Città del Vaticano (Vaticano), 15 feb. (LaPresse) – “Voi quando aiutate gli altri, li guardate negli occhi, li accogliete senza paura e con tenerezza? Come li aiutate, a distanza o con tenerezza e vicinanza?”. Sono le domande poste da Papa Francesco ai fedeli accorsi in piazza San Pietro in occasione dell’Angelus domenicale, andando ‘a braccio’. “Lasciamoci contagiare dal bene e contagiamo il bene”, ha aggiunto.
“La misericordia di Dio supera ogni barriera e la mano di Gesù tocca il lebbroso. Egli non si pone a distanza di sicurezza e non agisce per delega, ma si espone direttamente al contagio del nostro male; e così proprio il nostro male diventa il luogo del contatto: Lui, Gesù, prende da noi la nostra umanità malata e noi prendiamo da Lui la sua umanità sana e risanante”, ha spiegato Papa Francesco, citando un passo del Vangelo di Marco.
“Questo avviene ogni volta che riceviamo con fede un Sacramento – ha proseguito il Pontefice – il Signore Gesù ci ‘tocca’ e ci dona la sua grazia. In questo caso pensiamo specialmente al Sacramento della Riconciliazione, che ci guarisce dalla lebbra del peccato. Ancora una volta il Vangelo ci mostra che co sa fa Dio di fronte al nostro male: non viene a ‘tenere una lezione’ sul dolore; non viene neanche ad eliminare dal mondo la sofferenza e la morte; viene piuttosto a prendere su di sé il peso della nostra condizione umana, a portarla fino in fondo, per liberarci in modo radicale e definitivo”.
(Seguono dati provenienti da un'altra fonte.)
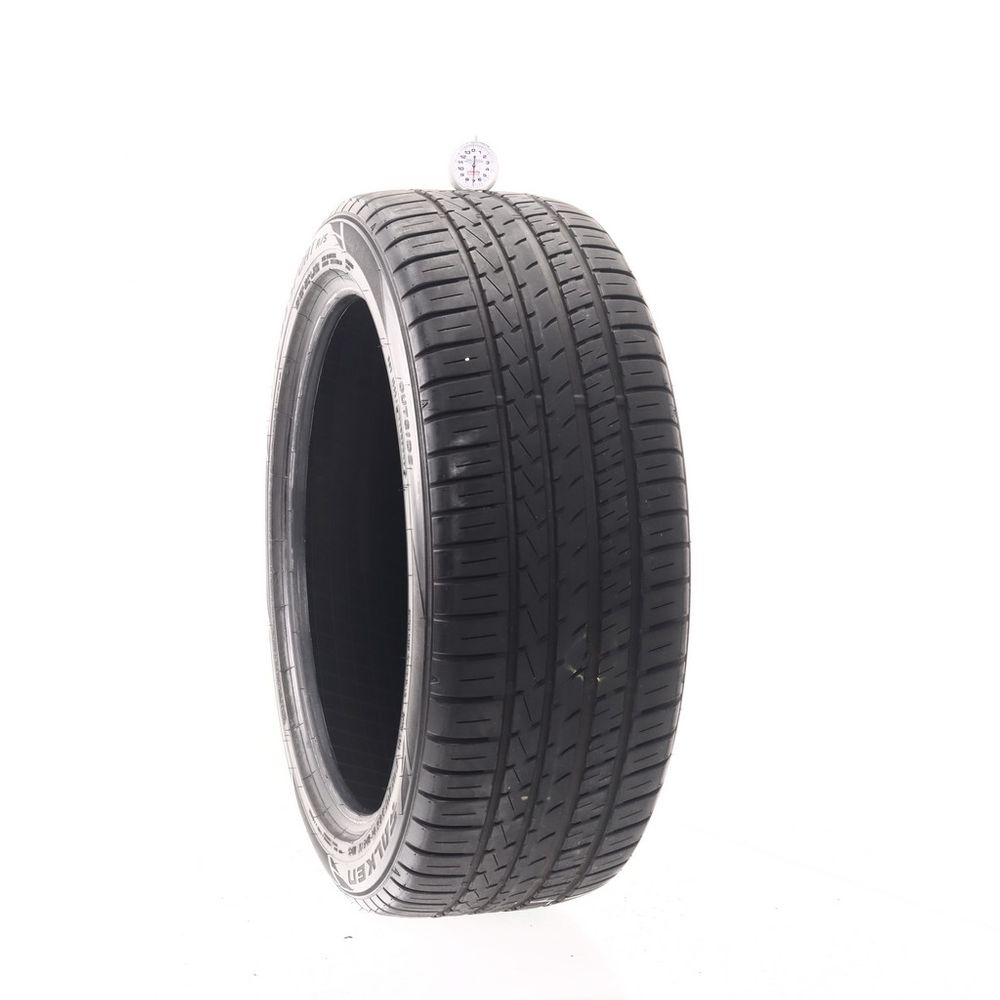 Set of (2) Used 245/45ZR20 Falken Pro G5 Sport A/S 103Y - 6-7/32 - Image 4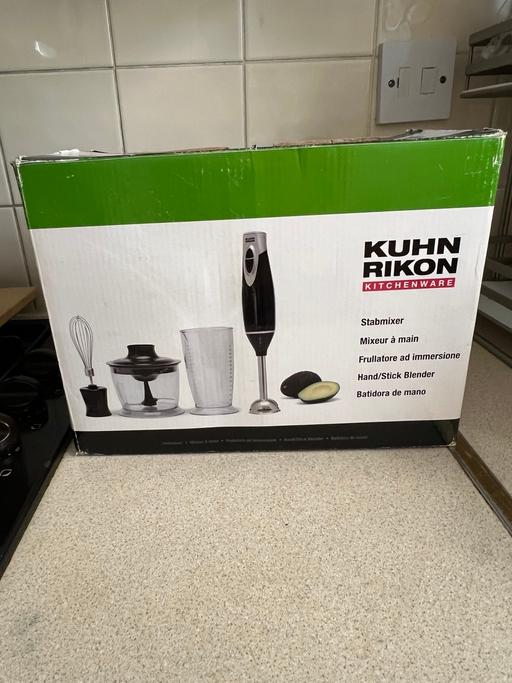 Buy & Sell Central London Farringdon - Central London - Photos for Stab-mixer, kitchen stick blender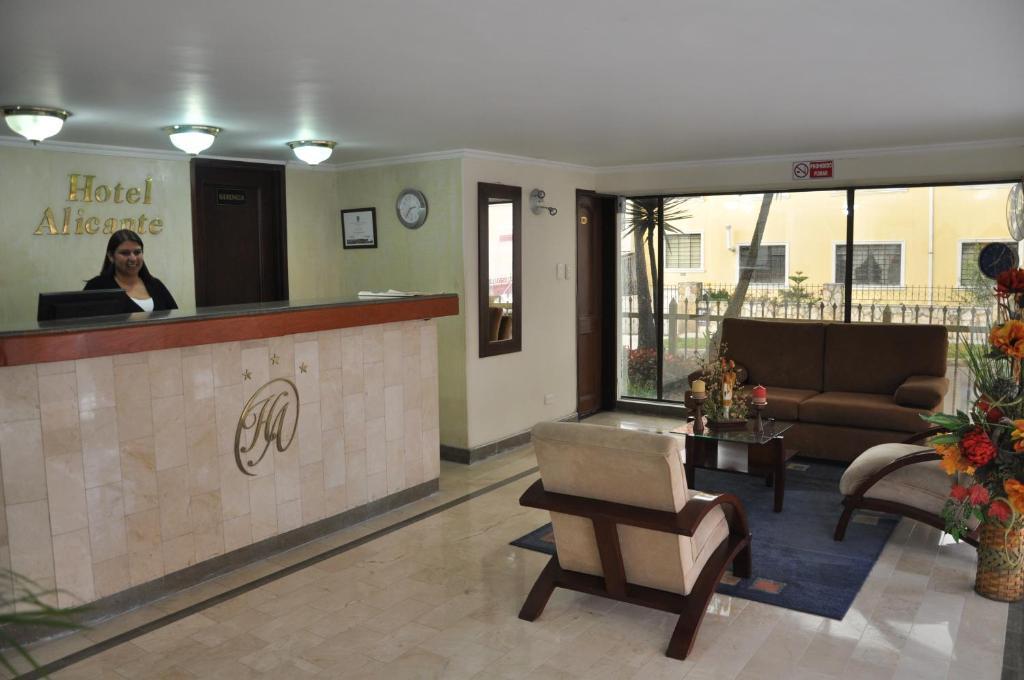 Hotel Alicante โบโกตา ภายนอก รูปภาพ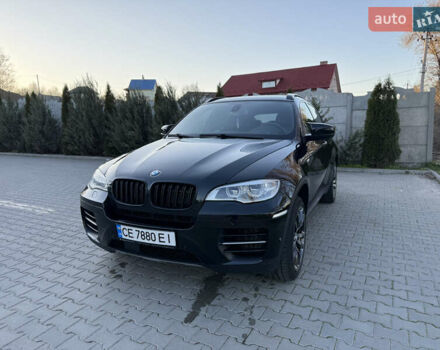 Чорний БМВ Х6 М, об'ємом двигуна 3 л та пробігом 300 тис. км за 31000 $, фото 4 на Automoto.ua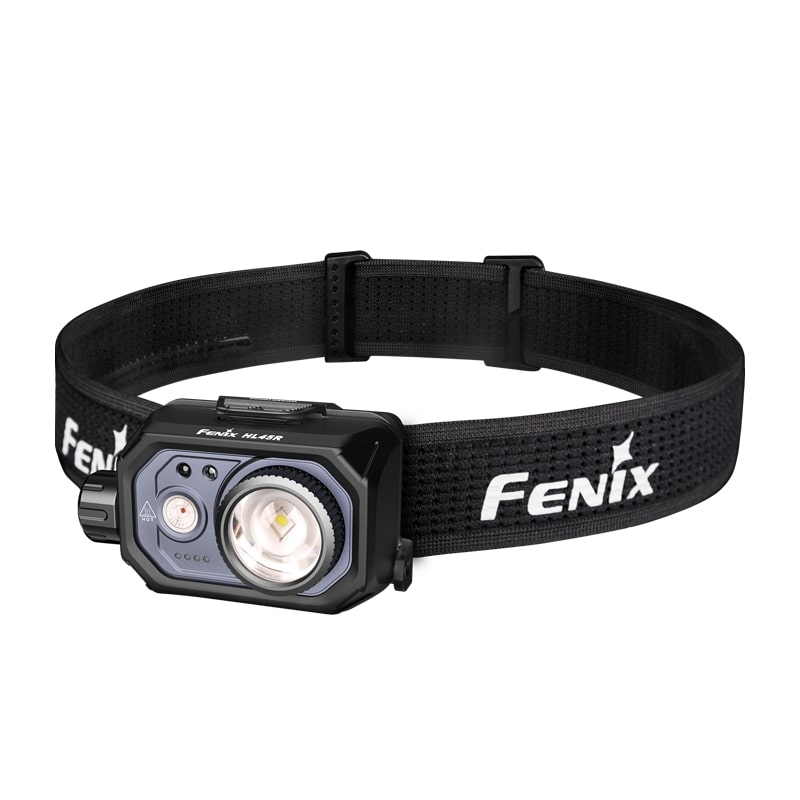 Fenix HL45R Headlamp now available in India 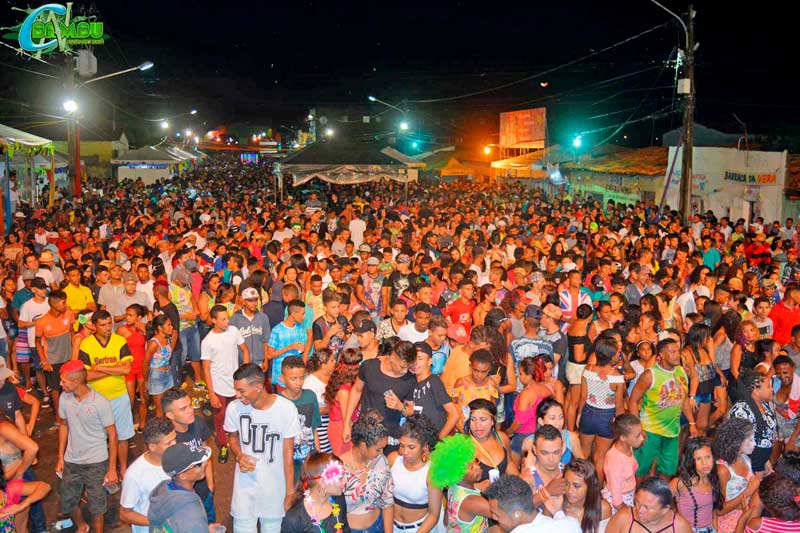 Coelho Neto: Politicagem tenta impedir sucesso do carnaval 2020 promovido pela prefeitura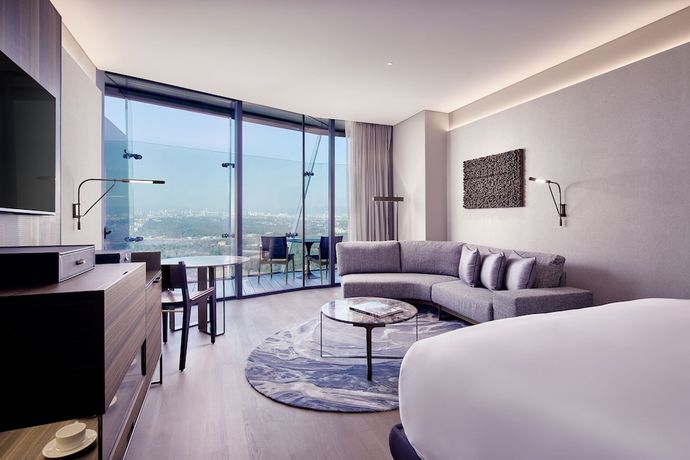 Imagen de la habitación del Hotel The Ritz-Carlton, Mexico City. Foto 13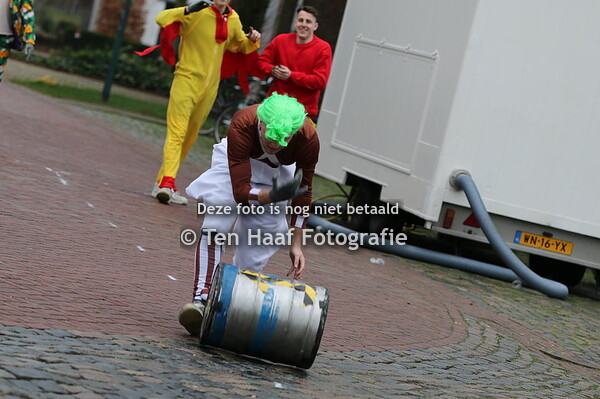 NK Fusten rollen Oeffelt '24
“Così Cristo combatte i mali e le sofferenze del mondo – ha aggiunto – facendosene carico e vincendoli con la forza della misericordia di Dio. A noi, oggi, il Vangelo della guarigione del lebbroso dice che, se vogliamo essere veri discepoli di Gesù, siamo chiamati a diventare, uniti a Lui, strumenti del suo amore misericordioso, superando ogni tipo di emarginazione. Per essere ‘imitatori di Cristo’ di fronte a un povero o a un malato, non dobbiamo avere paura di guardarlo negli occhi e di avvicinarci con tenerezza e compassione”.